第18章

“参见三殿下。”两岸的官兵纷纷跪下,震耳欲聋的吼声自桥头从两岸蔓延开去,仿佛要劈开这片雨幕。

他们跪下后,能看到他们身后的街道都已经戒严,两旁跪满了士兵,街上空无一人。

“参,参见三殿下。”船夫双腿软了一下跪下,头既欣喜又惊恐地伏在地上,抬都不敢抬。

“参见三殿下。”赫连烽笑着看向贺雁南,掀袍跪下。

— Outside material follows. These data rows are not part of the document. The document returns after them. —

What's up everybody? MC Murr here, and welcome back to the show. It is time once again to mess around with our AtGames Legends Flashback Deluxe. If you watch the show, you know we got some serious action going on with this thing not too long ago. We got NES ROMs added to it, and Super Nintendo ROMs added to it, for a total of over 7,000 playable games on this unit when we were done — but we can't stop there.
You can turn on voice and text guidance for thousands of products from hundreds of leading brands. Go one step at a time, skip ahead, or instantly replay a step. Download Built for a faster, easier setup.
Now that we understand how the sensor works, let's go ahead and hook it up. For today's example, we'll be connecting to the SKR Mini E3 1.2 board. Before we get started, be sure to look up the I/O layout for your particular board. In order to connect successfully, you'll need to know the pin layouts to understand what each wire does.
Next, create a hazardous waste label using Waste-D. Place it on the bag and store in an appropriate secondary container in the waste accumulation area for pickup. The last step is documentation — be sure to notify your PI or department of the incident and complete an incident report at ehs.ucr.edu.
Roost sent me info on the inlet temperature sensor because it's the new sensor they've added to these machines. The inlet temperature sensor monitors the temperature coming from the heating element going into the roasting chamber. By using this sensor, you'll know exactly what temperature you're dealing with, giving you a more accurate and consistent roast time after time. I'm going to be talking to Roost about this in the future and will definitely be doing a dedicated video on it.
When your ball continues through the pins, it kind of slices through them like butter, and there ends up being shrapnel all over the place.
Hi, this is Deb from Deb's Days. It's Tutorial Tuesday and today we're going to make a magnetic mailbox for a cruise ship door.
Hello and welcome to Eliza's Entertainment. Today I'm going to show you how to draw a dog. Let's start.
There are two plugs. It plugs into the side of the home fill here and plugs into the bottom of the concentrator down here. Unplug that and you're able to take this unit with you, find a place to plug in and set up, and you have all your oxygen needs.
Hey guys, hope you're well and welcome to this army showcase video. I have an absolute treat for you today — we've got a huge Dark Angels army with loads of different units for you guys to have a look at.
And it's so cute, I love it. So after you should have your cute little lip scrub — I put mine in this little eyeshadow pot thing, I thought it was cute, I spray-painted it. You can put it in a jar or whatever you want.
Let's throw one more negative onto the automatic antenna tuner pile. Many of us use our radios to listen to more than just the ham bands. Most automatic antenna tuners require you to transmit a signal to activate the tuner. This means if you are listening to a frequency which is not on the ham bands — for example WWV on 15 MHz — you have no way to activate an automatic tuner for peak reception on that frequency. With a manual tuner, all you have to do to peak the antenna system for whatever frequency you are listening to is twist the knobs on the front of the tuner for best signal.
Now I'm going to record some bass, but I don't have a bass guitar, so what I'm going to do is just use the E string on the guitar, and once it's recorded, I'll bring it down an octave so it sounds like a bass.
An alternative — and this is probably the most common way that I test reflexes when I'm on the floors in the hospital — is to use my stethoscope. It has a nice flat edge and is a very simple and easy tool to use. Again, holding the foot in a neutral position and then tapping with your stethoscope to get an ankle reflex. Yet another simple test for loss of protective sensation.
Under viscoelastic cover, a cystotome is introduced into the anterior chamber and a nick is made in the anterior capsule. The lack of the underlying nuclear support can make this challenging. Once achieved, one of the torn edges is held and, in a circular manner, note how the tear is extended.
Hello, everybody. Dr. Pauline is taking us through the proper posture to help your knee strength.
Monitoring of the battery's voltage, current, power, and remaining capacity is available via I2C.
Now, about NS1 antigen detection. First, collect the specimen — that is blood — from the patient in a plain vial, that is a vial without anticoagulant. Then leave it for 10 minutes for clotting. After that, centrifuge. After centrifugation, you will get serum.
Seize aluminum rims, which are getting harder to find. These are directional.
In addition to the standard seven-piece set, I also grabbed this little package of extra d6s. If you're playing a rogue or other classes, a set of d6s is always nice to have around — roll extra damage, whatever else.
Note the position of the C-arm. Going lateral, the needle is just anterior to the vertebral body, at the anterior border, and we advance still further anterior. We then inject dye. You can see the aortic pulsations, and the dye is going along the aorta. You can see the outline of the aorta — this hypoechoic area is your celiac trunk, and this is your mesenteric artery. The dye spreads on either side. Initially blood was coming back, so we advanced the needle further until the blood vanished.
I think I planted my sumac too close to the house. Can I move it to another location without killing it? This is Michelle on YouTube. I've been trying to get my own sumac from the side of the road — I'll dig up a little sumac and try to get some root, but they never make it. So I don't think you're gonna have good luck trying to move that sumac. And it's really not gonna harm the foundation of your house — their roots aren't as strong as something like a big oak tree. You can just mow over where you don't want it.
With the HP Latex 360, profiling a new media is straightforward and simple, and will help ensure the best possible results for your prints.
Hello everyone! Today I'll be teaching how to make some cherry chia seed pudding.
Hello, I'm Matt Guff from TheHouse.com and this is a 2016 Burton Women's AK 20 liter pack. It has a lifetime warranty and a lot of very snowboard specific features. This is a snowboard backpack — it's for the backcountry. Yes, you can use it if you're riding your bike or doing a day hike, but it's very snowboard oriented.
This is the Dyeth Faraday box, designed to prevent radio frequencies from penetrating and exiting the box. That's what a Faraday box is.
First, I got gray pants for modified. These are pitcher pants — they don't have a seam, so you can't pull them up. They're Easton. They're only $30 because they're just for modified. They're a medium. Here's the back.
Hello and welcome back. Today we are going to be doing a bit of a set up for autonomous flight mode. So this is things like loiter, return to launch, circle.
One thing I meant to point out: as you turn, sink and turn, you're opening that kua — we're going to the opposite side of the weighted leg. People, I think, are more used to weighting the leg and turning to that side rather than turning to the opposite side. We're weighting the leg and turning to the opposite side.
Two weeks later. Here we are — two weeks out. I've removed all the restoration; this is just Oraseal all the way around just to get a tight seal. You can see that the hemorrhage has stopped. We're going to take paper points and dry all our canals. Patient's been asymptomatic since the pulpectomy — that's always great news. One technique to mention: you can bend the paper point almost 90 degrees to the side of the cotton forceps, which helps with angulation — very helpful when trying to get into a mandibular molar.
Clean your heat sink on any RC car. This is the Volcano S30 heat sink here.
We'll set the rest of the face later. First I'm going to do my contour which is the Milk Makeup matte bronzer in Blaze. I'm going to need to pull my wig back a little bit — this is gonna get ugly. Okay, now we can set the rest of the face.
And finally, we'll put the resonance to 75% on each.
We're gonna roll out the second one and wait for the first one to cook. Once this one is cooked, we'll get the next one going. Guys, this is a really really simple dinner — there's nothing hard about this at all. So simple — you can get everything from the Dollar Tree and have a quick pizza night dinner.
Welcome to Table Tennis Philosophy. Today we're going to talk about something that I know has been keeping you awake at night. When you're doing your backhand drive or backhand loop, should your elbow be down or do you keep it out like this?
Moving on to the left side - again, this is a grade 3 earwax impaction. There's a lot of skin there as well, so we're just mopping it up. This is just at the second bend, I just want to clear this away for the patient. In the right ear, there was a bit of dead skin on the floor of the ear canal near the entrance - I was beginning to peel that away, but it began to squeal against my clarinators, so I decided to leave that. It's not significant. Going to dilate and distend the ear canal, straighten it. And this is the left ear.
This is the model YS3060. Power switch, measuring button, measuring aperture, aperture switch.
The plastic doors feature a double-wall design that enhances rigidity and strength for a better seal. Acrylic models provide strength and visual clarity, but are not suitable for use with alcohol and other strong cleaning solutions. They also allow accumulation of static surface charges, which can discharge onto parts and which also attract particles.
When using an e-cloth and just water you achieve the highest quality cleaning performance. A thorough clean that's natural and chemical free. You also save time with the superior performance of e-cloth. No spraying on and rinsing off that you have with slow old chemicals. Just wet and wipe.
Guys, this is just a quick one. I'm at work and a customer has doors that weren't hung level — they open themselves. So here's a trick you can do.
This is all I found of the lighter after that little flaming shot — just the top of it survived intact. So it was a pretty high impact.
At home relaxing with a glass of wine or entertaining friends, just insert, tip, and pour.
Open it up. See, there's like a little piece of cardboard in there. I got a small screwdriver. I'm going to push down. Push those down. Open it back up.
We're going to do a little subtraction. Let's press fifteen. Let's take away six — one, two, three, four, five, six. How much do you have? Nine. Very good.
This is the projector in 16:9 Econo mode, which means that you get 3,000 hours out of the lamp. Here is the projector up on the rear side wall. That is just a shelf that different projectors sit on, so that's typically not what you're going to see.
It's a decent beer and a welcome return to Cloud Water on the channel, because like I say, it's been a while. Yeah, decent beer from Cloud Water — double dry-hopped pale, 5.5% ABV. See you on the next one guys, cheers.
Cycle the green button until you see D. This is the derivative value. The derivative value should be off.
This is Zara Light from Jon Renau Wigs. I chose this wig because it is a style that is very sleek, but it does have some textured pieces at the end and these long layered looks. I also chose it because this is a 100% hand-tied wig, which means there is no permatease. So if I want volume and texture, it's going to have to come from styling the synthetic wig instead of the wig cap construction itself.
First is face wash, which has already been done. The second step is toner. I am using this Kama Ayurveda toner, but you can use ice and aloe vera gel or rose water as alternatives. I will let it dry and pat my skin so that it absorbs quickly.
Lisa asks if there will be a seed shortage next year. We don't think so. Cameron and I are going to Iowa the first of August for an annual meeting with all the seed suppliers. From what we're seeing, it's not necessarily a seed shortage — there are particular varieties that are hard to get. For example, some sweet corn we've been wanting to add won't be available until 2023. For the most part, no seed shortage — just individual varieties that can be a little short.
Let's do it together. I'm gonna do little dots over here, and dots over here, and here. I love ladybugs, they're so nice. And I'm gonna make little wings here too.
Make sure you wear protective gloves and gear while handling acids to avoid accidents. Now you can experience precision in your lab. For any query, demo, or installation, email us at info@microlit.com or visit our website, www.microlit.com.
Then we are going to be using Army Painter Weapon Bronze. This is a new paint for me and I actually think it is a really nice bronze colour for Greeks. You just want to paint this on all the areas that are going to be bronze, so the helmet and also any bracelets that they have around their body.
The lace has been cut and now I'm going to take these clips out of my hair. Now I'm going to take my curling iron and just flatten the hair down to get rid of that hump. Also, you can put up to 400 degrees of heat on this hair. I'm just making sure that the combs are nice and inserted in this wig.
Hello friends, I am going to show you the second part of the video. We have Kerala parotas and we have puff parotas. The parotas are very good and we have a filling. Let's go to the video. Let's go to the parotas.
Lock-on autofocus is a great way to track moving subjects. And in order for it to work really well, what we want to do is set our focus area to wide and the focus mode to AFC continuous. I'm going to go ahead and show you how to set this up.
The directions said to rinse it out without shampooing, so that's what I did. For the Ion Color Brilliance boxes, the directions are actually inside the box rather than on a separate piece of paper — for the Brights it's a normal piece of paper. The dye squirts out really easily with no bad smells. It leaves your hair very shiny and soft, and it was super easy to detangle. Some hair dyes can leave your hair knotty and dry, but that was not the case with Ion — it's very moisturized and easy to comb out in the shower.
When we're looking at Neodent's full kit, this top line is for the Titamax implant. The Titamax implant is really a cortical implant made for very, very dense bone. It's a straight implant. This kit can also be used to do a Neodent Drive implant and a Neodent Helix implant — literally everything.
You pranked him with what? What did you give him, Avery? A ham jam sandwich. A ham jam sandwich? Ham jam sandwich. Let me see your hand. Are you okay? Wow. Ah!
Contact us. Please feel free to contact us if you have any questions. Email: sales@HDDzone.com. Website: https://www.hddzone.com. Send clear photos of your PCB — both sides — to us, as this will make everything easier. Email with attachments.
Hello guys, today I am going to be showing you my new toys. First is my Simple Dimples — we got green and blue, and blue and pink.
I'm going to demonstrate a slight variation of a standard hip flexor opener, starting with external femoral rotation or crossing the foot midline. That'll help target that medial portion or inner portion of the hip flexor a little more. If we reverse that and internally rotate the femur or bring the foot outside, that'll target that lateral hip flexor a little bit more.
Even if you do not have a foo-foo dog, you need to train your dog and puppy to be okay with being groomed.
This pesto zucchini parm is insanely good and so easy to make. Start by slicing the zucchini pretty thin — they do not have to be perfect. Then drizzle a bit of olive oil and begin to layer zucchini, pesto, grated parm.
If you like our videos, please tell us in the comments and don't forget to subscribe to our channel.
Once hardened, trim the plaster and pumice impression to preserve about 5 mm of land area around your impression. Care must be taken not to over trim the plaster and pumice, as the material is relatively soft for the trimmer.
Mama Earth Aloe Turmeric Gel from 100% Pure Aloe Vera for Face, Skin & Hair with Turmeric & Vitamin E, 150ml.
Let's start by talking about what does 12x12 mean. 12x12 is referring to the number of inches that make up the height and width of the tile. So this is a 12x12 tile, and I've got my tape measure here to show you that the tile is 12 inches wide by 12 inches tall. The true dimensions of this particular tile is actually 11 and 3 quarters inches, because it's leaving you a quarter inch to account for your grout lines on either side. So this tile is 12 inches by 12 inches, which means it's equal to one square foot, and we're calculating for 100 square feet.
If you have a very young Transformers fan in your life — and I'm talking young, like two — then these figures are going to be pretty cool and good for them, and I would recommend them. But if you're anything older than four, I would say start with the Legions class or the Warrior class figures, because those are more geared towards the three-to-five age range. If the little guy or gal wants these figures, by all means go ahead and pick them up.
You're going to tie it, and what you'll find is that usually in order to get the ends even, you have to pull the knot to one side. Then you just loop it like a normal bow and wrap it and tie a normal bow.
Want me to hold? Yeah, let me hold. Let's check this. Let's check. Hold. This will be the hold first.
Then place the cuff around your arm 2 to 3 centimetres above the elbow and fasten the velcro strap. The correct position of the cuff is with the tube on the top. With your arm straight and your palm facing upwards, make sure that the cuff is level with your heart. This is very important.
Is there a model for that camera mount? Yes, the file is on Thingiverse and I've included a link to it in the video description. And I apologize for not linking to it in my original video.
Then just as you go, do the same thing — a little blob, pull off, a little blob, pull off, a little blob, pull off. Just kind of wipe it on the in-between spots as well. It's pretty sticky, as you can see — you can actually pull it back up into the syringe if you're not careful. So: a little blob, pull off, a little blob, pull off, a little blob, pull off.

这酒恐怕喝不到一辈子了,喝到逸歌登基前也不错。

贺雁南没有阻止。

他看着赫连烽跪下,眼神变得平淡,低头咳嗽起来,咳嗽完后用手帕将染血的手指擦过,淡淡道,“平身。”

气质淡然而尊贵。

他是燕朝三皇子,世界上最尊贵的几个人之一。

即使张重是他父亲的亲卫,即使张重摆出了一副捉拿犯人的样子,也不能令他动容。张重他不能,亦不敢。

“谢三殿下。”张重起身。

“谢三殿下!”震耳欲聋的吼声再次响起。

“发生什么事了?”贺雁南自船上下来。

“我等已在此处等了三殿下半个月了。”张重答非所问,扫了赫连烽一眼,眼神中不经意间带出血色翻涌。

察觉到危险,赫连烽将手伸入斗篷中,握住刀柄。

“我问,发生什么事了?”贺雁南抱着暖壶,抬眸瞥向张重。

“二殿下南巡遇刺,陛下令臣来调查此事,同时护送三殿下回京。”

然而他们却空等了半个月,这就不得不让人怀疑三殿下这半个月的行踪以及,他是否和二殿下遇刺有关。

是个人都会这么想。

张重侧身,“请”出他派去驿站报信的白衣和一辆行走起来迟缓万分,一看就是用铁皮包裹了内壁的名为保护实为软禁的马车。

“三殿下,请。”张重拱手。

想必他父皇已经在燕都等着自己这个孽子被捉拿回京了。

“有劳张将军。”贺雁南仿佛什么都不知道,轻咳一声,对着张重含笑点头,抱着暖炉朝驿站走去。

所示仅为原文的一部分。